A partir de 1996, le viol systématique des femmes comme arme de guerre, le massacre de refugiés hutus rwandais sur territoire congolais, massacres ethniques et crimes contre l’humanité ont fait en RDC plus de 5 millions de victimes. Parallèlement, de nombreuses voix, souvent influentes, ont publiquement minimisé, voire nié en toute impunité des faits pourtant avérés. Pour Ambroise Bulambo, le législateur congolais se doit de combler un vide juridique et d’adopter une loi incriminant le négationnisme, en harmonisant les coutumes congolaises et en s’inspirant du modèle suisse. Et le chercheur de proposer cet ajout au code pénal de son pays: «Celui qui, publiquement, [...] nie, minimise grossièrement ou cherche à justifier un génocide ou d’autres crimes contre l’humanité en raison de l’appartenance raciale, ethnique ou religieuse, sera puni [...]».

Sagesse du droit coutumier

En effet, face à des opinions négationnistes, les juges congolais ne disposent pour l’heure que des règles coutumières ethniques, dont ils n’ont dans le meilleur des cas qu’une connaissance approximative. Parmi les quelque 400 ethnies qui composent le pays, certaines s’emparent pourtant de la question. Les coutumes orales des ethnies Lega et Songye par exemple, situées dans la partie orientale de la RDC, incriminent les opinions négationnistes exprimées jusque dans le cercle intime. Au terme d’une palabre judiciaire, une déclaration peut imposer à la communauté de ne plus tenir de pareils propos en public comme en privé, sous peine de sanctions spécifiques au droit coutumier.

Et pragmatisme helvétique

Si certains de ces droits coutumiers peuvent garantir une authenticité nationale et culturelle à sa proposition de loi écrite, c’est auprès du droit suisse qu’Ambroise Bulambo a trouvé sa source d’inspiration. Car, d’une part, la Suisse et la RDC sont parties à plusieurs conventions internationales communes; mais aussi, la Suisse incrimine le négationnisme depuis 1994 dans son Code Pénal, Article 261bis Alinéa 4, et son champ d’application effectif n’est pas limité au seul Holocauste juif, contrairement à de nombreuses législations occidentales. Avec le pragmatisme helvétique comme modèle, cette loi pourrait contribuer à combattre l’impunité des expressions négationnistes, lutter contre le racisme et prévenir des génocides à l’échelle de la région des Grands Lacs africains.

La thèse sera publiée aux Editions Schulthess dans le courant de l’été.
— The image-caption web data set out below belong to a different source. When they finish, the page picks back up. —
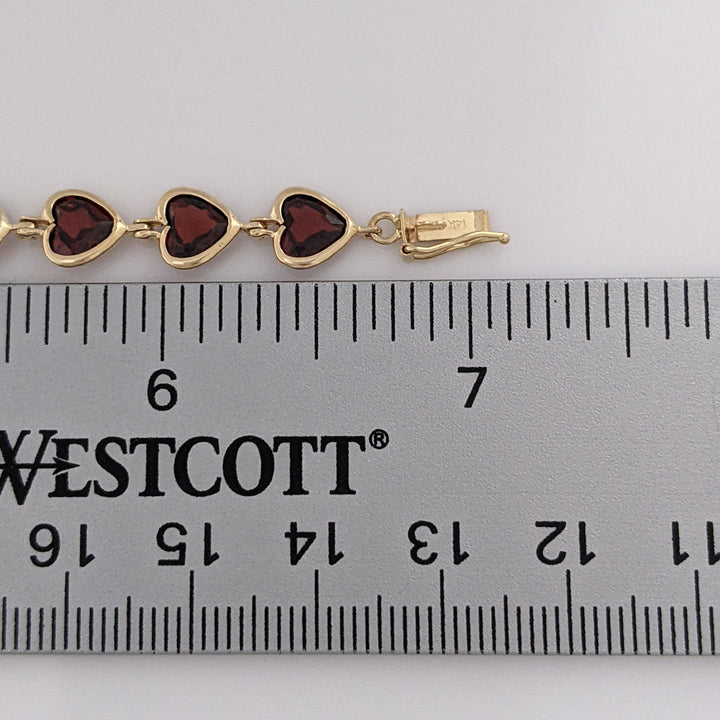 14K GARNET HEART 6MM (18) BEZEL ESTATE BRACELET 7.0 GRAMS
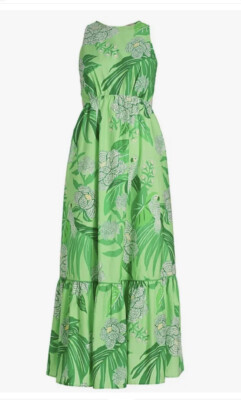 Farm Rio Women Dewdrop Floral Green Sleeveless Cotton Midi Dress Sz XL |  eBay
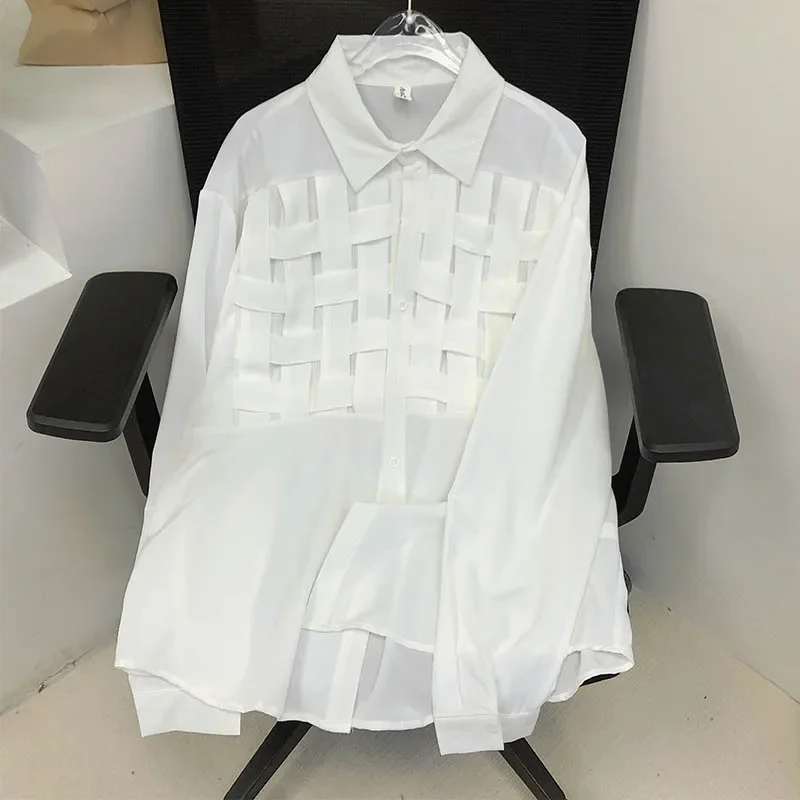 EBAIHUI, camisas lisas con agujeros para mujer, solapa, manga larga, cintura suelta, blusa de retales a la , camisa informal de poliéster para mujer 2024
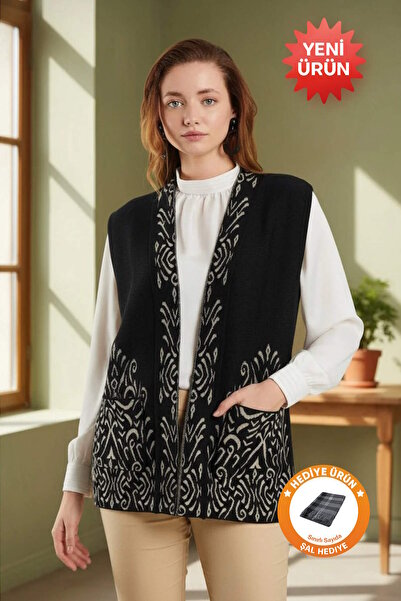 Uludağ Triko Jacquard Pattern Black Cream Knitwear Vest + Shawl Gift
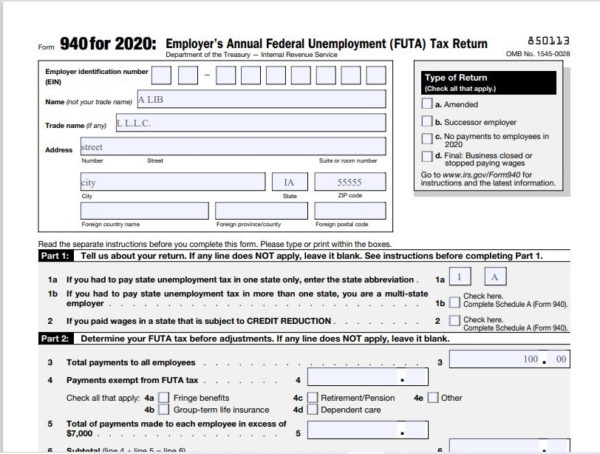 How to Complete 2020 Form 940 FUTA Tax Return – Nina's Soap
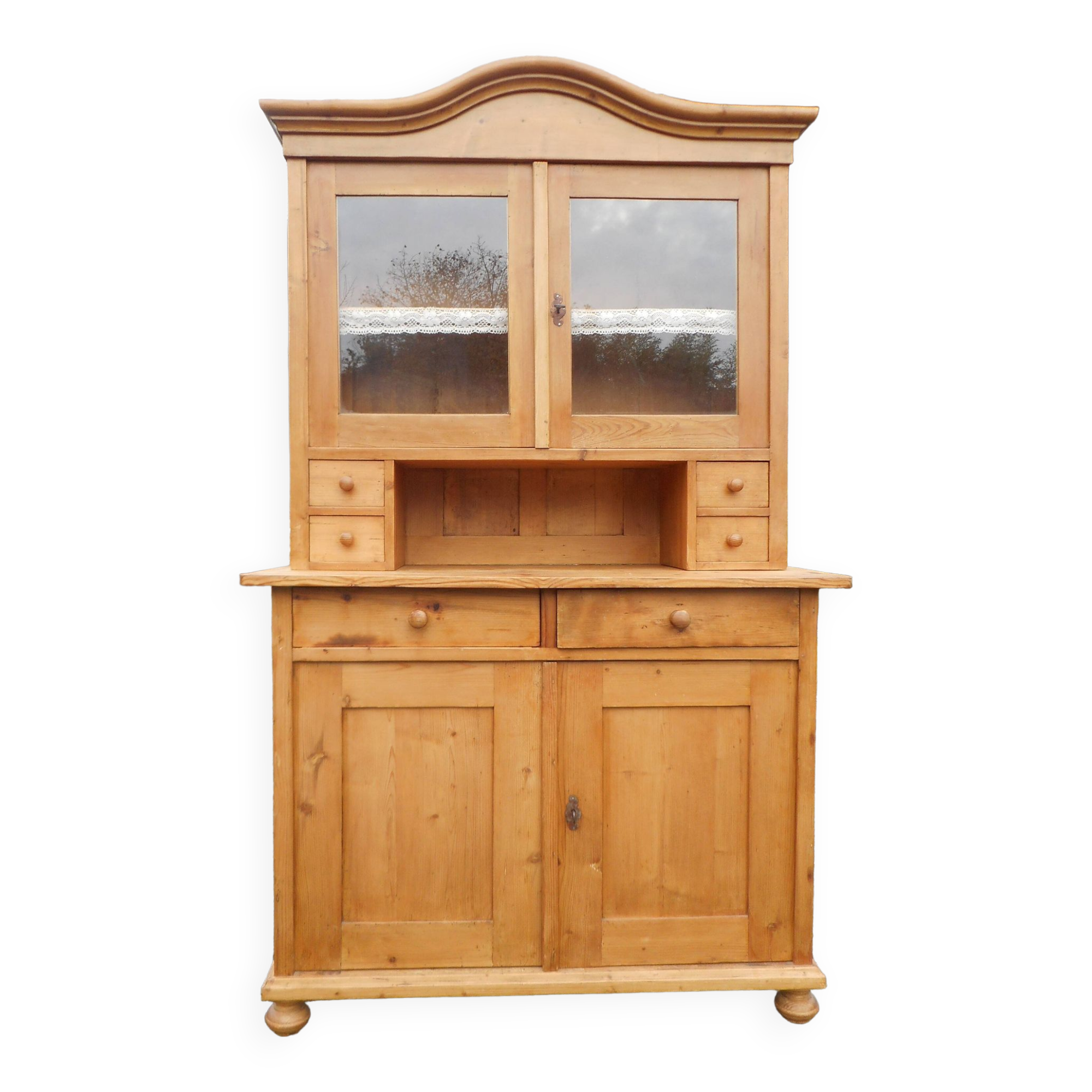 Buffet 2 corps vaisselier en sapin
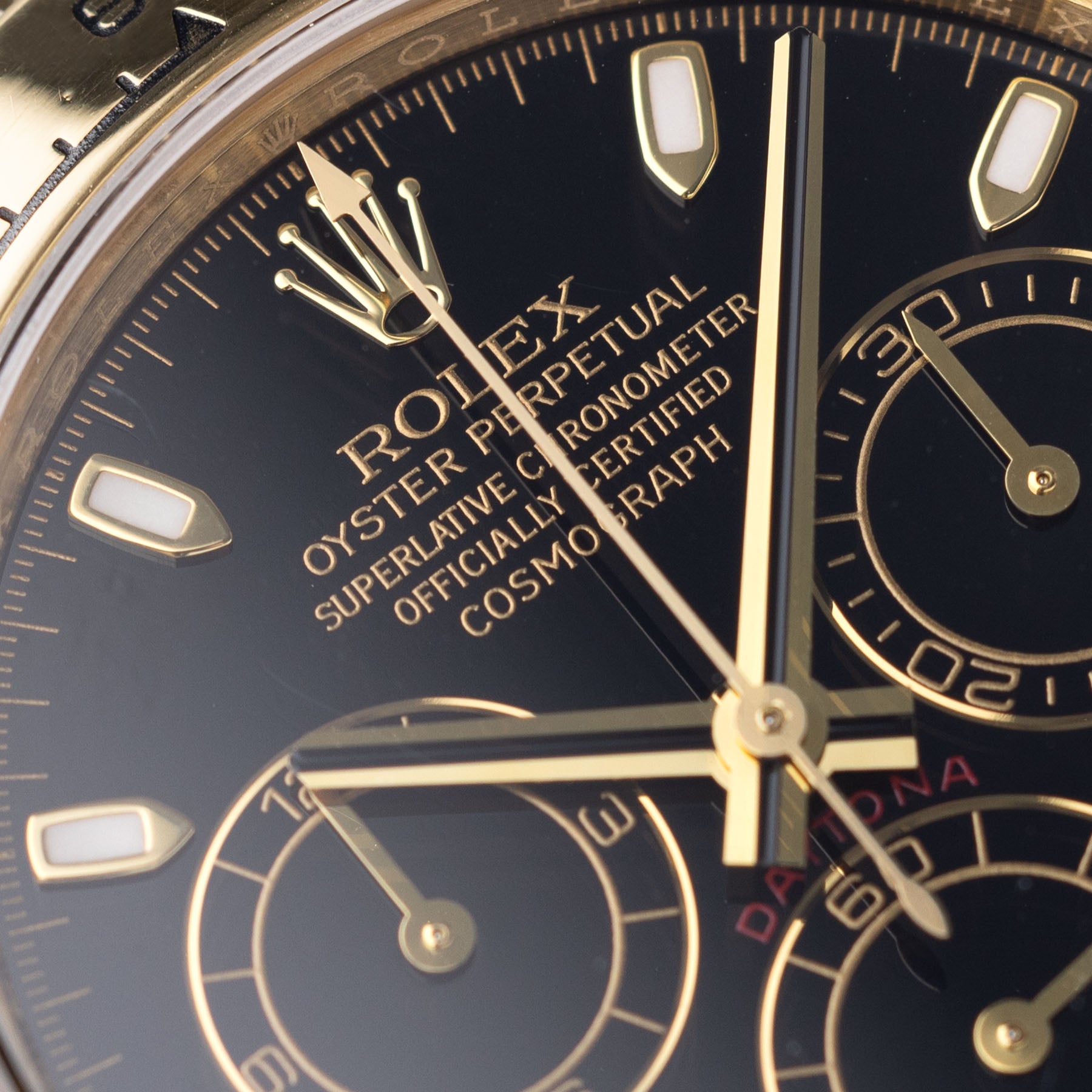 Rolex Daytona 116518 Gelbgold mit Schwarzem Zifferblatt auf Lederband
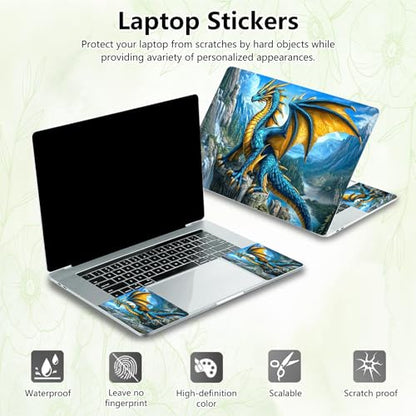 Laptop Skin Sticker Decal, Universal Reusable Vinyl Laptop Cover for 12" 13" 13.3" 14" 15" 15.4" 15.6" Notebook PC, Waterproof Scratch-Resistant with 2 Wrist Pads, Easy to Apply & Remove,G Dragon - color: G Dragon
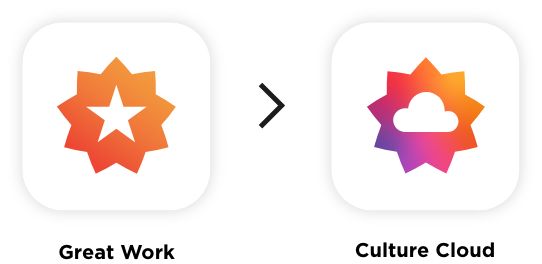 Comparison of two app icons: the first with an orange star labeled 'Great Work,' and the second with a multicolored star with a cloud inside labeled 'Culture Cloud.'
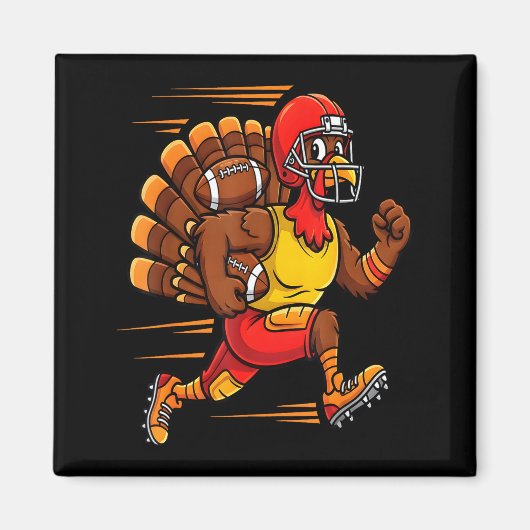 Thanksgiving Funny Turkey Playing Football Men Boy マグネット (正面)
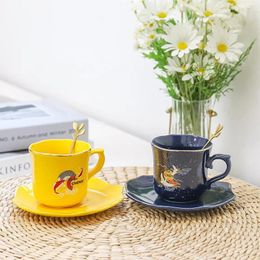Mugs Creative European Style Cool Simple Coffee Cup Saucer Set With Spoon Boy's And Girl's Office Home Afternoon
Elle marque pour Ambroise Bulambo le premier pas d’un important travail de plaidoyer destiné à l’adoption de sa proposition de loi par le législateur congolais, avec comme objectif l’horizon 2016. Pour ce faire, il compte démarcher les acteurs les plus importants de la RDC, et obtenir des recommandations officielles internationales auprès du gouvernement congolais.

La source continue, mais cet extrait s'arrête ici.